Credit Allegra Boverman for NHPR

The Republican candidate in New Hampshire's 1st Congressional District Eddie Edwards says he supports the repeal of the Affordable Care Act. For people who currently rely on expanded Medicaid, he says, increasing access to insurers across the country would bring down costs.

All Things Considered Host Peter Biello spoke with Edwards about healthcare policy. All Things Considered is speaking with all congressional candidates this week.

(This transcript has been edited lightly for clarity.)


In a recent forum with NHPR you said that you supported lawsuits against pharmaceutical companies that would require them to pay more for the cost of the opioid crisis. You also said that more needed to be done to tackle the opioid crisis. So what more needs to be done specifically?

I absolutely believe the pharmaceutical companies should have a role in paying for this. But the other thing we need to do is really stop and take a moment to really assess what we're doing to young people in this country. As you dive deeper and deeper into this policy arena, you start to realize that we are really drugging young people. Nearly a quarter of all of our children under the age of 18 in our country now are on at least one type of antidepressant. Some of those kids are taking opiates as well. So instead of using pills why don’t we try diets, nutritional programs, we shouldn't say diets, but nutritional programs. So there are a lot of different things that we could do to really help young people. Once a person is addicted to a substance like an opiate, that's a lifelong struggle. So we have to make sure that we have treatment facilities and we have ways of making sure that new folks aren't being addicted to the substance and we enforce our laws.

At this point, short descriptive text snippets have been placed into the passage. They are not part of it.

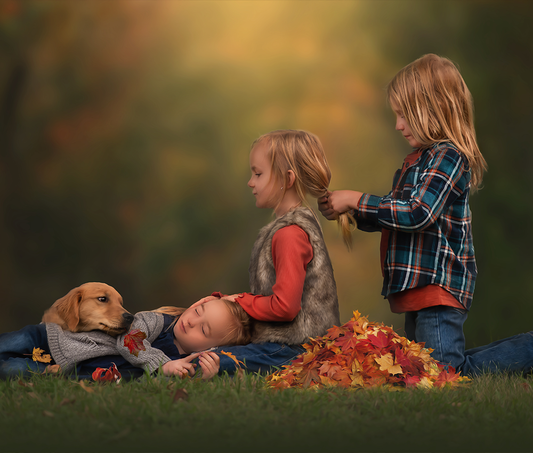 The Leaf Pile - Meg Bitton Productions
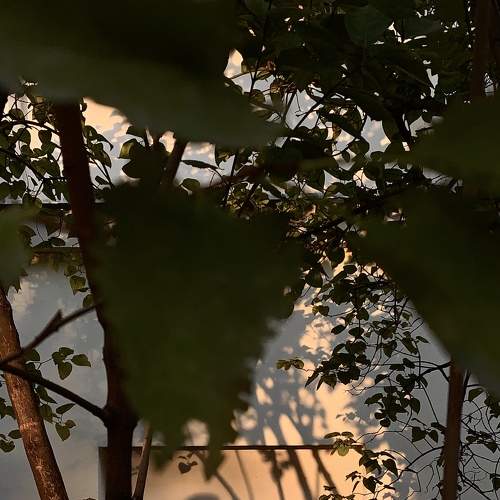Photo #7216397
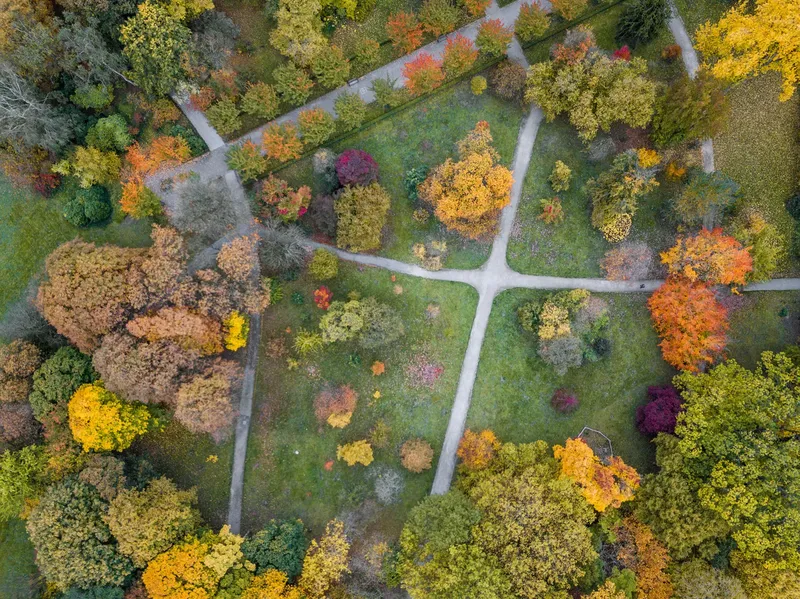 Atemberaubende Drohnenaufnahme des Rombergparks im Herbst: Entdecken Sie das geometrische Wegenetz umgeben von goldenen, orangefarbenen und roten Laubbäumen. Ein faszinierender Einblick in eine der schönsten Parkanlagen mit ihrer beeindruckenden herbstlichen Farbenpracht aus der Vogelperspektive.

I want to talk about veterans’ health care for a moment. The task force looking at the future of the Manchester VA did not recommend the construction of a full-service VA here in New Hampshire. A few weeks ago on NHPR you said that you supported the construction of a full-service VA in New Hampshire. So explain to us, why break so drastically with a panel of people who had been studying this issue for months?

Well because I'm breaking with our veterans, I'm breaking with our veterans. Our veterans, they continue to hear lip service. It seems to me, no matter what program we talk about, the veterans get the short end of the stick.

So did you learn something while campaigning or in your research that suggests that this task force was wrong, that in fact what we need a full- service VA in New Hampshire?

Well to be honest, I haven’t reviewed the task force reports. I'm looking at the men and women who I look in their faces and they look at me in my face. We also have to be honest here, too. We're sending veterans outside the state who don't have transportation in many cases, who can't afford to go outside the state, to receive the health care they need. We're having them wait for months to get the care they need.

That is not supported by the data, I should say.

Right, but I guess it may not be on a percentage-wise, but if you're the veteran who's waiting, or if you’re the veteran whose family is waiting, and you didn’t get your coverage, you may have a different story.

You mentioned on NHPR a couple of weeks ago that that if the Affordable Care Act is repealed, and you do support the repeal, although you do support certain provisions of the Affordable Care Act such as preventing people from being prevented insurance for preexisting conditions. You said that if it's repealed and people like the folks who get expanded Medicaid suddenly lose their coverage, you said “They will have affordable health care.” So I wanted to ask you, how? How would they have it if they lost expanded Medicaid?

Right, so when you put something in place like the Affordable Care Act and you call it affordable because you force people to buy it and you force people to buy something they can't not afford, this is an issue of cost. And the best way to do this is to make sure you have access. So for those folks who are on the lower income scale, if we can provide greater access to them, if we can drive down the cost by providing more options for them where they can select their insurance across the country, and so once we start doing those things I think you will find that the system itself will reduce. We've always taken care of our vulnerable populations. We're not going to allow our fellow citizens to be without health care on the streets.

But we may, I mean, the free market has in the past left some people out of the system. That’s why expanded Medicaid ended up covering 40,000 plus people.

Well, there's been people who didn't have insurance. No one's been left without medical care if they needed it. But we want to make sure that everyone has health insurance. And I think we should offer more flexibility, more options. That is how you bring down the cost of health care and we haven't had that yet.

Let me ask you a personal question. How do you get your health care?

My health care is, I'm retired. I'm a retired employee, state employee.

How does that shape the way you feel about health care policy in general and how other people get it or should get it?

It hasn't changed at all. Because I can tell you, I pay more and more every year for my health care like everyone else. And so I would be very interested in reducing the cost of health care, not only for myself, but for everyone else because it would do a lot for me if we can drive down the cost of health care. I don't have free coverage if that's what you’re asking. No I don't. I pay more and more every year for my health care and if we can get a health care system that's free market driven and we can drive down costs, I would benefit, you would benefit, everyone out here listening would benefit.